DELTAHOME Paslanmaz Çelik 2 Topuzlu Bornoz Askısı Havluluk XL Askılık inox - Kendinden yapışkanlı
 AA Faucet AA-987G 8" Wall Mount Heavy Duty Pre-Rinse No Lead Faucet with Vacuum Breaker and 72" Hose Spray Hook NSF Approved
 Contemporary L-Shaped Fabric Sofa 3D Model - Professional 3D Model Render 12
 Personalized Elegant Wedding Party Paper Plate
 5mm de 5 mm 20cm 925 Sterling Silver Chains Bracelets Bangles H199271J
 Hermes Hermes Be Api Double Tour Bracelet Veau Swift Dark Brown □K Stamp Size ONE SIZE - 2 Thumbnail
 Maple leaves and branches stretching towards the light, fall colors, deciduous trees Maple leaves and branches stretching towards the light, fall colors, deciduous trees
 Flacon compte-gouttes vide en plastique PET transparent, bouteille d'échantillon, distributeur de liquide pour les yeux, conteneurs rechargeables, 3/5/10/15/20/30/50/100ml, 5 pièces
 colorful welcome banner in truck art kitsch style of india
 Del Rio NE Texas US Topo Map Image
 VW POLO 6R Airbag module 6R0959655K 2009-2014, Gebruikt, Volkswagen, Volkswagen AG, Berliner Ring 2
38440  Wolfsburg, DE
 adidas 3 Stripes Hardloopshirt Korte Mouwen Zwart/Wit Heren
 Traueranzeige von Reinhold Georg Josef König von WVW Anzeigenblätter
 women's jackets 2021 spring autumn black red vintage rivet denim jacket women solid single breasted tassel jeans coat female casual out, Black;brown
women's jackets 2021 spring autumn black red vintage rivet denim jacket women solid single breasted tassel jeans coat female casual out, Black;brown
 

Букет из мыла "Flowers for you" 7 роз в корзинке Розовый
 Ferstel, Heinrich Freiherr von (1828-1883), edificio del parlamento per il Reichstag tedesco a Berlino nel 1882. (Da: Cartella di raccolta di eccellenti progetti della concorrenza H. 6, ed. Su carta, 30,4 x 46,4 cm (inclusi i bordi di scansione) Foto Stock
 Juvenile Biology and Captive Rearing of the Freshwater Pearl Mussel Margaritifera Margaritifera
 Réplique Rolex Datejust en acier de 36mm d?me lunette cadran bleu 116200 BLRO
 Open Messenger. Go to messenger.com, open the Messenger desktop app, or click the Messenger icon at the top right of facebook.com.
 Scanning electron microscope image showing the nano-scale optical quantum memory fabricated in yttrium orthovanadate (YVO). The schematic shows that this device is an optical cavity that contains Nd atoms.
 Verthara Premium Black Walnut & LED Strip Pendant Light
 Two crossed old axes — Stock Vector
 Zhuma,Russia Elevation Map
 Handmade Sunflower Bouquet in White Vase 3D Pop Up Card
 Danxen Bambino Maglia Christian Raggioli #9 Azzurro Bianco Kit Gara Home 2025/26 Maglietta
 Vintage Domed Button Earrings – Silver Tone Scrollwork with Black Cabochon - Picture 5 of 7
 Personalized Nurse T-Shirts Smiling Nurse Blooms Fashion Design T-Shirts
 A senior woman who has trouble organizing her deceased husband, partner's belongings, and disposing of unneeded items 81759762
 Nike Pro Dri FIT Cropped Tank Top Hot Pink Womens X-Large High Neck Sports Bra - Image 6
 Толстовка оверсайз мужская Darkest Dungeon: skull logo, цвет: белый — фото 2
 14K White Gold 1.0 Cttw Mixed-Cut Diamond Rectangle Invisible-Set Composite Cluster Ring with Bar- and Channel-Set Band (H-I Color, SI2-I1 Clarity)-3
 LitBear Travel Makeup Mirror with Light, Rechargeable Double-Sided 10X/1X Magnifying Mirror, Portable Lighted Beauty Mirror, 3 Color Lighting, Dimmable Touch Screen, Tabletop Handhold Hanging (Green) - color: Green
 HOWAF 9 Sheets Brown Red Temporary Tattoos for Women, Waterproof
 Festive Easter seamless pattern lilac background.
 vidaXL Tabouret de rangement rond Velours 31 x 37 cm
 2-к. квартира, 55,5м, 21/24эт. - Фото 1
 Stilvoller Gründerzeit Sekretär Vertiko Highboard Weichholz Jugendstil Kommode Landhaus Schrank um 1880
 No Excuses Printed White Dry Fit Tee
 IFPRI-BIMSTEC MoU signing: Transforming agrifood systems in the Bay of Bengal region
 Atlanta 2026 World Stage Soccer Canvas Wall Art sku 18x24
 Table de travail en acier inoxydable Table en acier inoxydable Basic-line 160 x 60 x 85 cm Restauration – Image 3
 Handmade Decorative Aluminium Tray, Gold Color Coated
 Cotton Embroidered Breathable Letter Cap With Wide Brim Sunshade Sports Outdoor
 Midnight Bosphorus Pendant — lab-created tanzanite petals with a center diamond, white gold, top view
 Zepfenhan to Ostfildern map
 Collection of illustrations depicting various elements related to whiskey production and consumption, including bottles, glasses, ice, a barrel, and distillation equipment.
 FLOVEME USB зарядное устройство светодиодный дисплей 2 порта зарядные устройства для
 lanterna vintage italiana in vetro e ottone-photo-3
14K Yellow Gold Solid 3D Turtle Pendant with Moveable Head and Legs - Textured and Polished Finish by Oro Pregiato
--- --- ---
— INSTRUCTIONS FOR THE TASK —
Give back exactly the lines above, from the line containing "Flacon compte-gouttes vide" through the line containing "Del Rio NE Texas US Topo Map Image", with both end lines and nothing more.

— EXERCISE ANSWER —
 Flacon compte-gouttes vide en plastique PET transparent, bouteille d'échantillon, distributeur de liquide pour les yeux, conteneurs rechargeables, 3/5/10/15/20/30/50/100ml, 5 pièces
 colorful welcome banner in truck art kitsch style of india
 Del Rio NE Texas US Topo Map Image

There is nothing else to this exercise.